Highlights in history on this date:

1553 – League of Heidelberg is formed by Catholic and Protestant princes in Germany to prevent election of Philip of Spain as Holy Roman Emperor.

1562 – Some 1,200 French Huguenots are slain at Massacre of Vassy, provoking first War of Religion in France.

1692 – The Salem Witch trial begins in the American colony of Massachusetts.

1767 – King Charles III expels Roman Catholic Jesuits from Spain.

1790 – U.S. Congress authorizes the first census.

1799 – Turks and Russians complete conquest of Ionian Islands in Greece.

1815 – Napoleon Bonaparte lands in France, forcing King Louis XVIII to flee.

1829 – Brig. Gen. Juan Manuel de Rosas is sworn in as governor of Buenos Aires, rules Argentina until 1852.

1870 – War ends between Paraguay and combined forces of Brazil, Argentina and Uruguay.

1896 – Ethiopian forces defeat Italians at Adwa, northern Ethiopia, ending Italy’s quest to create a substantial African colony.
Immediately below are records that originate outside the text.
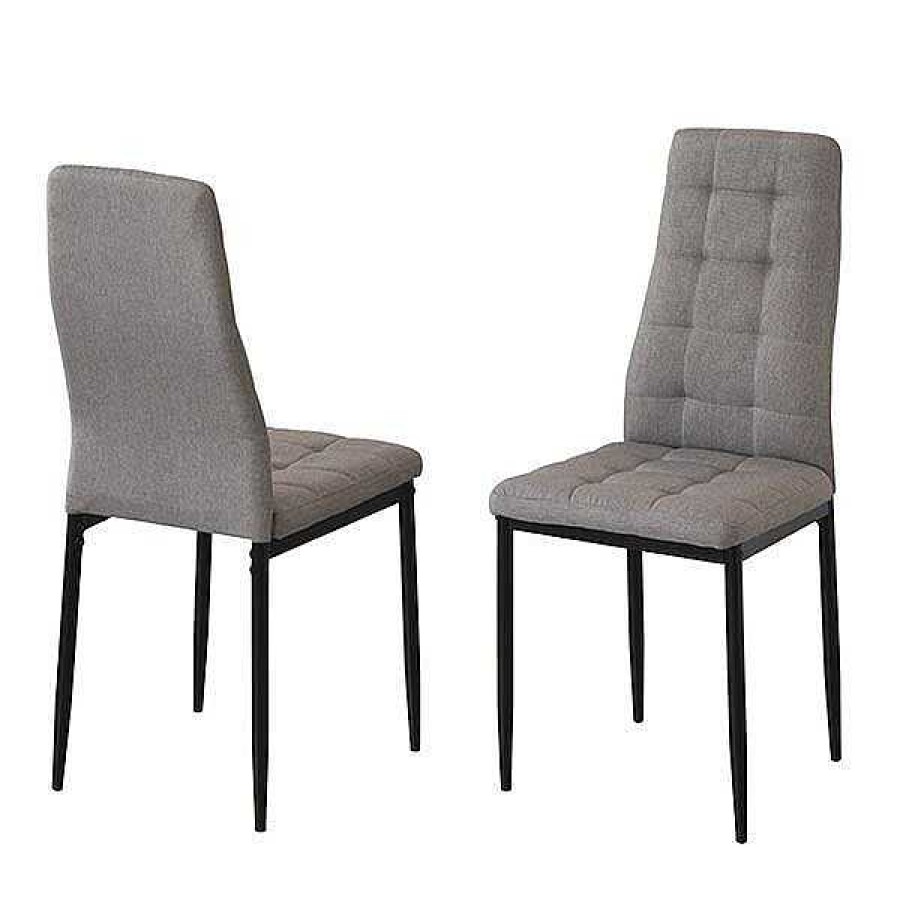 Muebles Muebles tifón Sillas De Sal N | Silla Comedor Maika Gris Claro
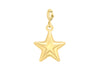 9ct Yellow Gold Star Spring-Ring Charm
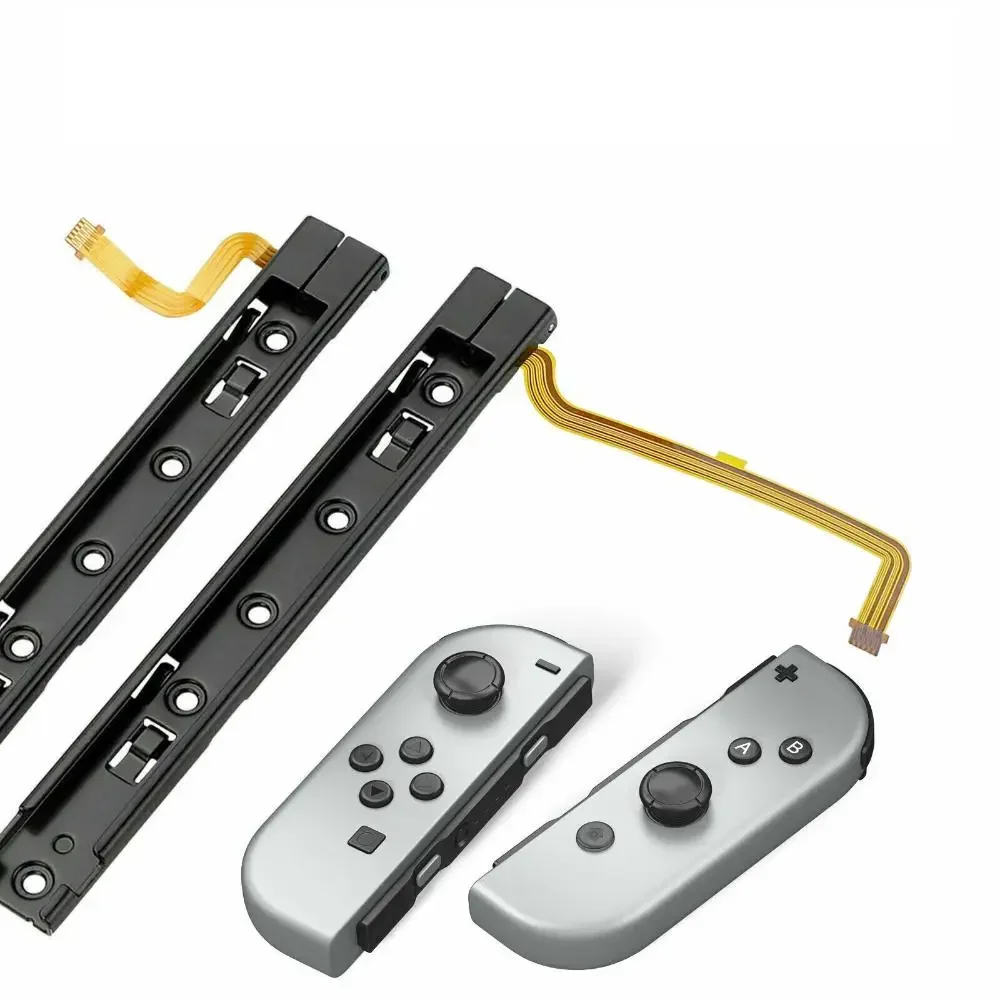 Rail coulissant droit et gauche avec câble flexible, pièce de rechange pour Console Nintendo Switch, accessoires JoyCon NS, 1 pièce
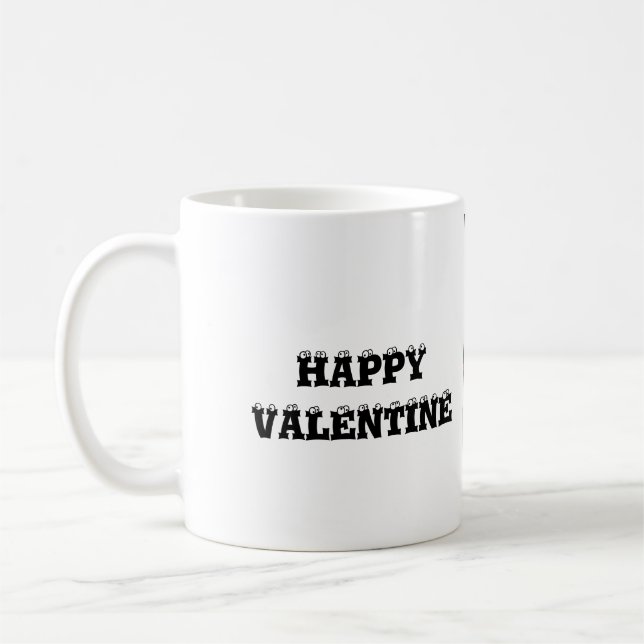 Mug Texte charmant de Valentine (Gauche)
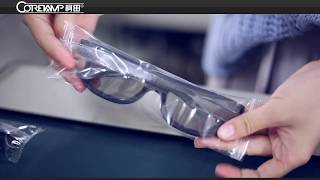 3D Glasses flow packing machine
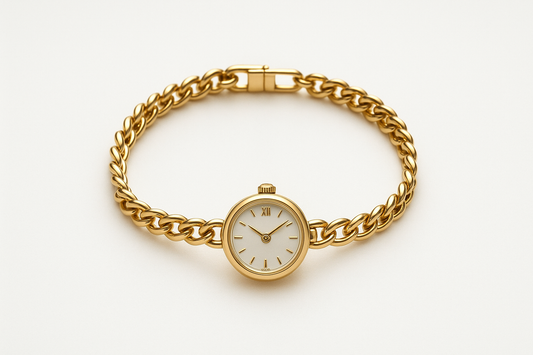 Women's Elegant Chain Watch - Golden Front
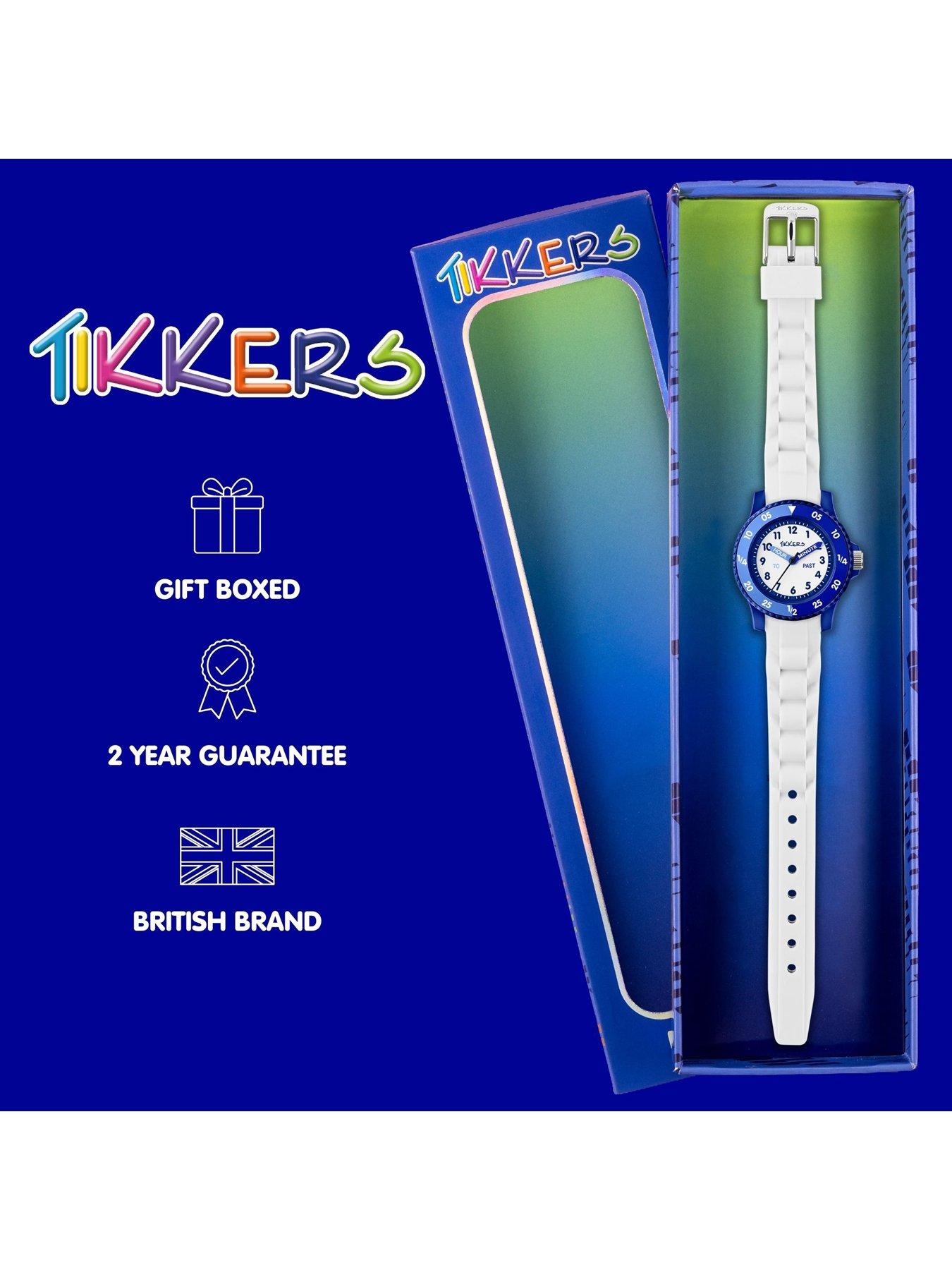 Image 5 of 5 of Tikkers White Silicone strap Timer Teacher Watch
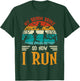 My Broom Broke So Now I Run Funny Halloween Running T-Shirt - T-Shirt | Forest
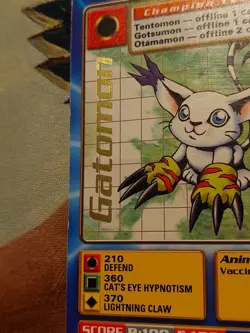 Gatomon GOLD 1ST ED **20% Off $50+** Digimon Digi-Battle Series Card - BO-15 - Image 2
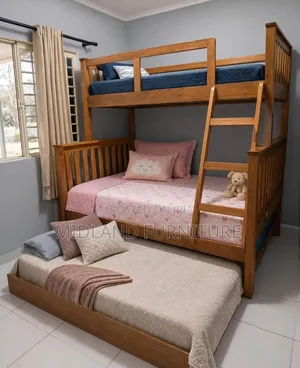 BUILT Double Decker Bunk Bed with Pullout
1919 – Korean independence is declared in Seoul and 2 million people rally, leading to brutal Japanese repression.

1932 – The infant son of Charles and Anne Lindbergh is kidnapped from the family home near Hopewell, New Jersey.

1943 – Britain’s Royal Air Force begins systematic bombing of European railway systems in World War II.

1952 – Britain returns the North Sea island of Helgoland, occupied since World War II, to West Germany.

1954 – Puerto Rican nationalists open fire in the U.S. House of Representatives, wounding five congressmen.

1961 – U.S. President John F. Kennedy establishes the Peace Corps.

1966 – Soviet Union lands one-ton spacecraft on planet Venus after three-and-a-half-month flight.

1973 – Palestinian terrorists invade diplomatic reception in Khartoum, Sudan, and capture five diplomats.

1981 – Irish Republican Army member Bobby Sands begins a hunger strike at the Maze Prison in Northern Ireland; he dies 65 days later.

1989 – U.N. General Assembly approves $416 million for U.N.’s one-year plan to free Namibia from 74 years of South African rule.

1992 – Muslims and Croats in Bosnia and Herzegovina vote for independence from Yugoslavia, enraging Serb nationalists.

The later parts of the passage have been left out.